Revolusi digital telah mengubah cara manusia bertransaksi. Kini, jual beli tidak lagi terbatas pada pasar fisik, tetapi juga dilakukan secara daring. Selain itu, hadirnya dompet digital (e-wallet), mata uang kripto (cryptocurrency), dan layanan teknologi keuangan (fintech) menambah kompleksitas praktik muamalah modern. Dalam hal ini, hukum Islam memiliki mekanisme ijtihad untuk menjawab dinamika tersebut.

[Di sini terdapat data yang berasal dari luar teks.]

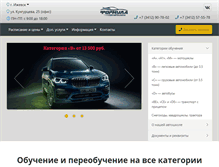 Tablet Screenshot of formula18.ru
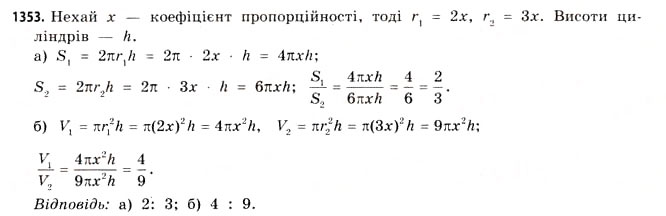 Завдання № 1353 - ДОДАТКОВІ ЗАВДАННЯ - ГДЗ Математика 11 клас Г.П. Бевз, В.Г. Бевз 2011 - Рівень стандарту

1. Jual Beli Online dalam Fikih
Prinsip dasar jual beli dalam Islam adalah adanya ijab qabul, kerelaan antara kedua belah pihak, kejelasan objek transaksi (mabi'), dan bebas dari unsur gharar (ketidakjelasan). Jual beli online diperbolehkan selama memenuhi syarat dan rukun jual beli.
Masalah yang sering muncul:
Gharar: tidak melihat barang secara langsung.
Penipuan dan ketidaksesuaian barang.
Solusi Fikih:
Adanya kejelasan spesifikasi barang.
Hak khiyar (opsi membatalkan transaksi) jika barang tidak sesuai.